Question

The coefficient of friction between the block of mass m1 = 3.00 kg and the surface in the figure below is μk = 0.280. The system starts from rest. What is the speed of the ball of mass m2 = 5.00 kg when it has fallen a distance h = 1.10 m?

So i drew force diagrams for both objects.
M2A=M2G-T
M1A=T-M1GUK
I substituted T from the top into the bottom and solved for A, I found that A=5.096 m/s^2 and then i found that T =23.52 N
The net force is this
NetF=M2*G-M1*Uk*G
NetF=40.768 N
I also know W=delta K + delta PE
W=F*D=40.768
W=delta K - MGH
Delta K = W + M2GH

Answer 1

Heres a picture
http://www.webassign.net/serpse8/8-p-022.gif

Answer 2

Delta K =(1/2)MV^2
V=4.96 m/s
But this is wrong, can someone explain what I am doing wrong?

Answer 3

You needn't go into the net force and work; it simplifies some things, but not this.

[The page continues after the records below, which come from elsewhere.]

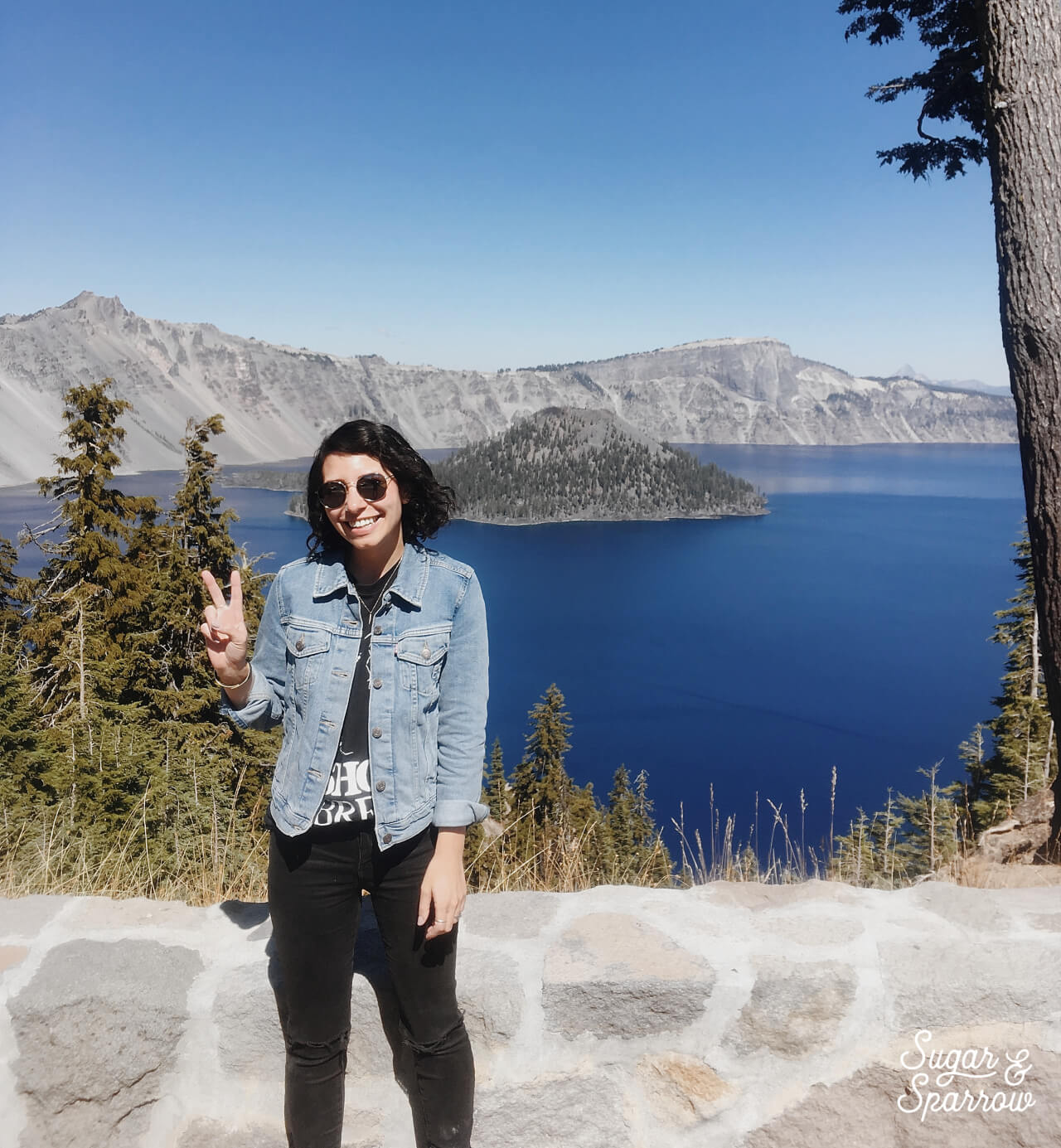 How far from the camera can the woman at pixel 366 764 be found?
2018mm

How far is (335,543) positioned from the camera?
227 centimetres

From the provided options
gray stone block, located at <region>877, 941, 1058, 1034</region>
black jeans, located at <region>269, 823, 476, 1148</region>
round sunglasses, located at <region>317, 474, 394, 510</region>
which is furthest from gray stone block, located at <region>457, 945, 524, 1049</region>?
round sunglasses, located at <region>317, 474, 394, 510</region>

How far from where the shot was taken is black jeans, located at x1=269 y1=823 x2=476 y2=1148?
6.64 ft

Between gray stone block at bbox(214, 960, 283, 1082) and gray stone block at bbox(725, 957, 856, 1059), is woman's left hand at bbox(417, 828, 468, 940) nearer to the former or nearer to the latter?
gray stone block at bbox(214, 960, 283, 1082)

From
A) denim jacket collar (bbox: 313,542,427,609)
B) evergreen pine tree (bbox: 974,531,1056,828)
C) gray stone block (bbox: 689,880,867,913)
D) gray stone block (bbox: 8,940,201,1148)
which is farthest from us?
evergreen pine tree (bbox: 974,531,1056,828)

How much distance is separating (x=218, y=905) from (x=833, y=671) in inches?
2391

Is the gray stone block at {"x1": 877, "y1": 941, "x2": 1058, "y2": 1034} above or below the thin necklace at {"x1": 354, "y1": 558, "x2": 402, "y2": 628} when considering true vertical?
below

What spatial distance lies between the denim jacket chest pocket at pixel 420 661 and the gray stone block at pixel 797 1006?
4.21 feet

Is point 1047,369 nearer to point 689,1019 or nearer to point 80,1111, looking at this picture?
point 689,1019

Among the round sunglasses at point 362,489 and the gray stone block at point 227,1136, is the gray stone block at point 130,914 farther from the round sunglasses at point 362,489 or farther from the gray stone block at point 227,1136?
the round sunglasses at point 362,489

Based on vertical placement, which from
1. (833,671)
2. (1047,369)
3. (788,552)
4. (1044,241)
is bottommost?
(833,671)

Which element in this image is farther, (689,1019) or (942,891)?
(942,891)

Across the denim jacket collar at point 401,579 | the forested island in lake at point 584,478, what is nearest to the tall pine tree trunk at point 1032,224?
Result: the denim jacket collar at point 401,579

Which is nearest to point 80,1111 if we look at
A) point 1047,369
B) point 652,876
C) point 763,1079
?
point 763,1079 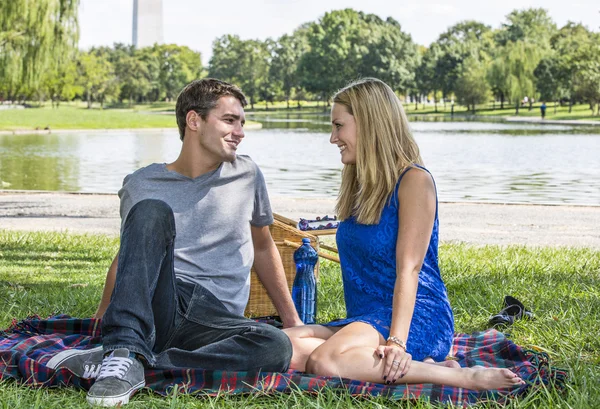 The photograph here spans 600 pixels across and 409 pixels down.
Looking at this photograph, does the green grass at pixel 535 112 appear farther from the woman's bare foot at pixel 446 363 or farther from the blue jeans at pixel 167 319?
the blue jeans at pixel 167 319

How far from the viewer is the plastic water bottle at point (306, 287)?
4.48 meters

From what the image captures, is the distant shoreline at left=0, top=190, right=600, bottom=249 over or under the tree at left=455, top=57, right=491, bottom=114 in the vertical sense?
under

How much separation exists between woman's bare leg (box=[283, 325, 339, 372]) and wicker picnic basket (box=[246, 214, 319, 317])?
1021 mm

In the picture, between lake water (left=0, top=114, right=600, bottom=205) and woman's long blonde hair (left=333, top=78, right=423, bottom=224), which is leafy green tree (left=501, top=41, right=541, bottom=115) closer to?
lake water (left=0, top=114, right=600, bottom=205)

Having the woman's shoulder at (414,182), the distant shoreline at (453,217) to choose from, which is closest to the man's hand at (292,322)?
the woman's shoulder at (414,182)

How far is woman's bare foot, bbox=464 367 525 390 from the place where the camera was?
313 centimetres

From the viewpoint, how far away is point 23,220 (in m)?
10.2

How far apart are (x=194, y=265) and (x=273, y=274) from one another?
0.51 meters

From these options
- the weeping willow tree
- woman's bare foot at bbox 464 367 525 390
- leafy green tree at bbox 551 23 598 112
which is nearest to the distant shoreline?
woman's bare foot at bbox 464 367 525 390

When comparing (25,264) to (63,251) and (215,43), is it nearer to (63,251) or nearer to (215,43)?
(63,251)

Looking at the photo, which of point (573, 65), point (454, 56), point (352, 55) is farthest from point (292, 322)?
point (352, 55)

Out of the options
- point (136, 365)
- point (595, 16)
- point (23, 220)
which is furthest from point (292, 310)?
point (595, 16)

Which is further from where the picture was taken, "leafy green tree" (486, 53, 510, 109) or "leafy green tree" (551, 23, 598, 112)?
"leafy green tree" (486, 53, 510, 109)

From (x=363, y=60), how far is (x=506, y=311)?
86.2 meters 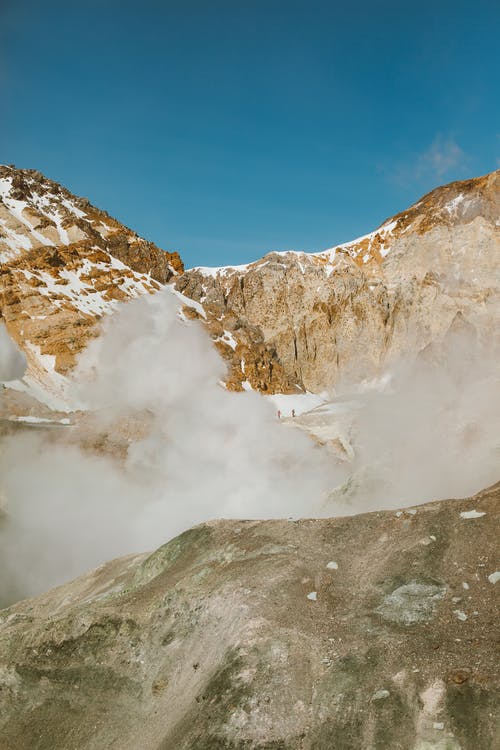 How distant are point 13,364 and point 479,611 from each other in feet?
126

Since you know the acceleration of the system, go back to one of your five basic kinematic formulas:

\[v _{f}=v _{i }+2ad\]

Answer 4

oops - square the two velocities.

Answer 5

Thanks, I can believe it was that simple. But do you know why the way I attempted it didnt work. I took the net force over the distance to get the work. The change in PE was the mass 2 *G*H. So since I am able to calculate delta K, shouldnt I be able to get the correct velocity from that?

Answer 6

You assumed conservative forces - friction was the fly in the ointment.

Answer 7

Oh i see, so the equation W=delta K + delta PE only applies for conservative forces?

Answer 8

Yes.

Answer 9

Thank you so much, this problem was bothering me for far to long.

Answer 10

Well, you're likely to remember it, then!

Answer 11

Yeah, i guess its the best way to learn, thanks again!